Rétrécissements de la conscience
Ces personnes se rendaient-ils compte de la terrible épreuve que je venais de traverser, et dont ce mémoire était le produit ? Ils ne le pouvaient pas. Comment auraient-ils pu deviner, à partir d’une note en bas de la page 110 et de la section 5.2 « L’ethnographe masculin face aux affaires de famille » (pp. 36-40) ? Je ne leur en donnais absolument pas les moyens. À peine le mémoire déposé j’avais quitté ma petite amie, étudiante comme moi à Nanterre, peut-être l’a-t-on su là-bas en interne. Mais de toute façon j’étais sur le point de rejoindre une autre institution (DEA de Sciences Sociales), comme m’y autorisait mon statut de normalien, ainsi qu’une autre directrice de recherche (Jocelyne Dakhlia). Encore un an plus tard j’étais parachuté à Aix-Marseille (MMSH), et ce n’est qu’à la fin de ma première année de thèse (juin 2006), soit trois ans après les faits, que « l’homoérotisme »* entre explicitement dans mes problématiques. C’était plutôt un soulagement pour Jocelyne Dakhlia, qui avait hérité du « bébé », et qui jusque là n’avait pas été très à l’aise : elle sentait bien2) que mes prétentions scientifiques cachaient quelque chose. Mais tout juste un an plus tard, le jour de mon retour à Taez (19 août 2007), Ziad mettait le feu à sa maison…
Implicitement, la morale de l’histoire était déjà évidente : la réflexivité ne règle rien. Il ne suffit pas que le chercheur ait une page de gauche dans son carnet de terrain, que les femmes prennent part aux institutions, ou que les hommes assument leur « homosexualité ». Il est certaines règles épistémologiques, bien posées par Gregory Bateson : « chaque nouvelle étape vers l'élargissement de la conscience éloigne d'avantage le système d'un état de conscience total » (citation n°3).
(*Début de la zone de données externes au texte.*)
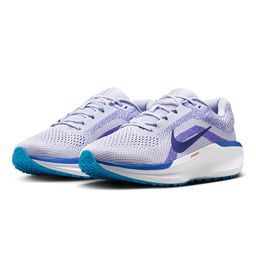 Air Winflo 11 Erkek Mor Koşu Ayakkabısı FJ9509-006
Il semble que ce problème n’ait fait que s’aggraver depuis 1945, et qu’il doive nous faire basculer aujourd’hui dans une nouvelle guerre totale, peut-être dès 2023 (Emmanuel Todd).
La tentation de rejouer le match
En apparence, la théorie du Za’îm ne parle que d’un « charisme de quartier » (pour reprendre le titre de l’article publié l’année suivante). En réalité, c’est l’histoire d’un jeune physicien qui s’échappe du laboratoire après les attentats du 11 septembre 2001, et tente de construire une interaction sur des bases rationnelles, avec des Yéménites qui comprennent parfaitement les enjeux. Histoire qui se termine par le viol du jeune homme. Mais un viol totalement assumé de par et d’autre sur le moment, autant par le Régime que par les Sciences Sociales, qui nous surveillaient l’un et l’autre en arrière-plan.3)
« Et ce jour-là, à la vue du supplice, les meneurs renieront ceux qui les auront suivis, et toute attache sera rompue entre eux, alors que les suiveurs s’écrieront à leur tour : “Ah ! S’il nous était possible de retourner sur Terre, nous désavouerions nos meneurs, comme ils nous ont désavoués.” C’est ainsi que Dieu les mettra en face de leurs œuvres, sans que leurs regrets les mettent pour autant à l’abri de l’Enfer. » (Coran 2:166-167)
La vraie erreur que j’ai commise après ce premier mémoire, c’est d’avoir cru que l’affaire était réparable : que l’issue de mon premier séjour était un accident. Ou qu’il me suffisait, pour que les choses se passent mieux, de « prendre conscience de mon homosexualité ». Avoir cru qu’un surplus d’investissement intellectuel, sous le même régime, pouvait changer le résultat des courses.
Mais toute mon époque m’encourageait à commettre cette erreur, toute la logique des institutions postcoloniales*, que ce soit en France ou au Yémen. Le problème n’était pas d’ordre psychologique (admettre ou pas son « homosexualité »), ni même de morale islamique (se repentir ou pas) : la psychologie et la morale islamique faisaient elles-mêmes partie du piège. Et la difficulté aujourd’hui est de faire entendre cet enseignement beaucoup plus large, à des institutions qui ont déjà tourné le dos depuis longtemps, qui ne savent pas fonctionner autrement, qui peut-être ne le pourront jamais. Pour cela, il vaut mieux se focaliser sur ce premier mémoire, en amont de l’enquête ultérieure, avant l’invention de « l’homosexualité » (juin 2004, peu ou prou au moment de cette soutenance).
Un enterrement de première classe
Mais pendant près de vingt ans, je n’ai pas pu relire ce mémoire. Je ne pouvais plus en reprendre les analyses et les raisonnements, dans lesquels j’avais pourtant mis toute mon âme. Je n’étais plus la même personne.
Avec le recul, cet « enterrement de première classe » me semble lié à un autre non-dit : la mort de mon père physicien, survenue cinq ans plus tôt (1999). À travers ce mémoire, j’ai enterré une certaine manière de faire science, avec laquelle je savais qu’il me fallait rompre. D’où le choix de Jocelyne Dakhlia, historienne et anthropologue de formation plus littéraire, qui a dirigé mon travail avec exigence jusqu’en 2012. Je suis revenu sur le terrain en homme totalement libre, et j’ai passé les années suivantes à déconstruire une hypothèse sociologique binaire (rouge/bleu), qui avait été la clé de voûte de mon argumentation.
Pour reprendre cette problématique du charisme et du leadership (za’âma), il fallait aussi que soient apaisés mes rapports avec cette famille, et aussi les rapports en son sein - notamment entre Waddah et ses cousins, cette branche des petits-enfants de Maryam. Ce n’était pas le cas encore très récemment.
Ces jours-ci, je suis d’humeur casanière. Il me prend l’envie d’exhumer ce mémoire et de l’habiter à nouveau : comme dans une vieille maison, ouvrir les fenêtres et laisser rentrer la lumière. J’ai à peine commencé à me relire, je suis loin d’avoir ouvert toutes les pièces, et je ne sais pas encore ce que je vais trouver. J’ai juste un pressentiment : ce que j’ai tenté d’exprimer inlassablement ces dernières années, je pourrais bien l’avoir déjà écrit là.